Problem:
Print the listing that follows, character for character.

Data extract:
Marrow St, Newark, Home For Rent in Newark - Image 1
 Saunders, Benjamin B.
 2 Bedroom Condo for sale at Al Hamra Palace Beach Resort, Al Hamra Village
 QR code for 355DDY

Finished exercise:
Marrow St, Newark, Home For Rent in Newark - Image 1
 Saunders, Benjamin B.
 2 Bedroom Condo for sale at Al Hamra Palace Beach Resort, Al Hamra Village
 QR code for 355DDY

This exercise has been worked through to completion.